INSTRUCTIONS TO FOLLOW ::
Reproduce the records below exactly, leaving out any pictures.

Short descriptive text snippets:

● ● ●

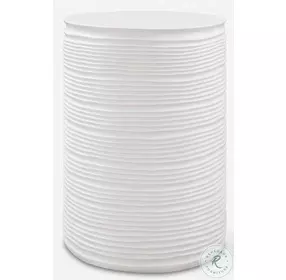 Borderline Plaster White Drum Table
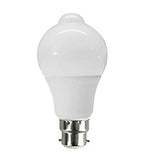 7W PIR Motion Sensor LED Light Bulb Infrared Energy Saving Auto B22 E27 Detector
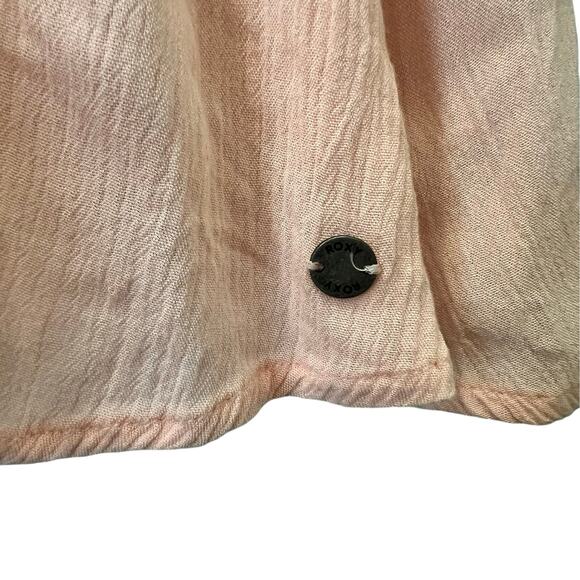 Roxy Pink Siren Treasure Button Front Lined Crinkle Mini Dress size S NEW Tags - Picture 10 of 11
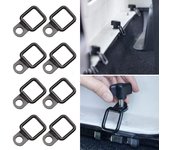 8 piezas de ganchos de carga para RV, anillos de amarre para remolque, ganchos de tracción de metal, anillos de amarre para carga pesada, anillos de amarre L-8PCS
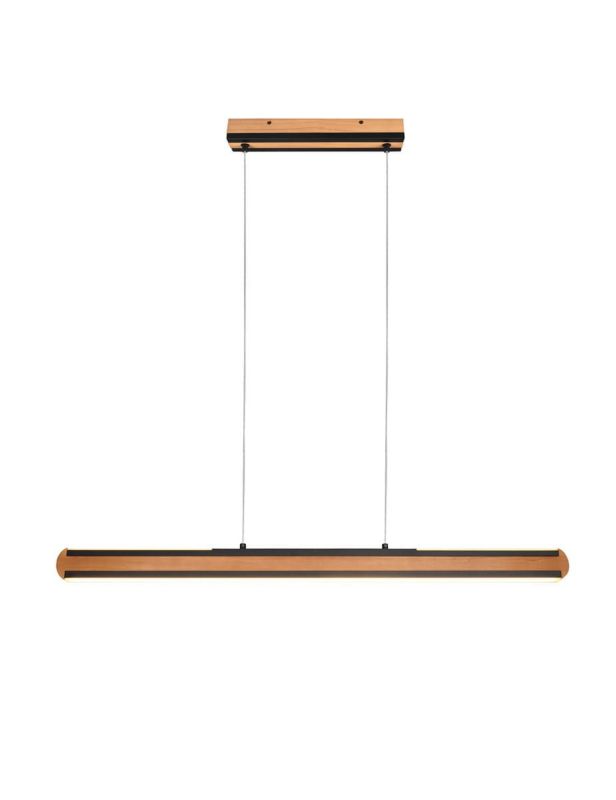 Lampa sufitowa wisząca Trio Deacon brązowo-czarna wym: 150 x 110 x 6,5 cm wbudowany LED 40W 1 szt.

● ● ●

WORKED SOLUTION ::
 Borderline Plaster White Drum Table
 7W PIR Motion Sensor LED Light Bulb Infrared Energy Saving Auto B22 E27 Detector
 Roxy Pink Siren Treasure Button Front Lined Crinkle Mini Dress size S NEW Tags - Picture 10 of 11
 8 piezas de ganchos de carga para RV, anillos de amarre para remolque, ganchos de tracción de metal, anillos de amarre para carga pesada, anillos de amarre L-8PCS
 Lampa sufitowa wisząca Trio Deacon brązowo-czarna wym: 150 x 110 x 6,5 cm wbudowany LED 40W 1 szt.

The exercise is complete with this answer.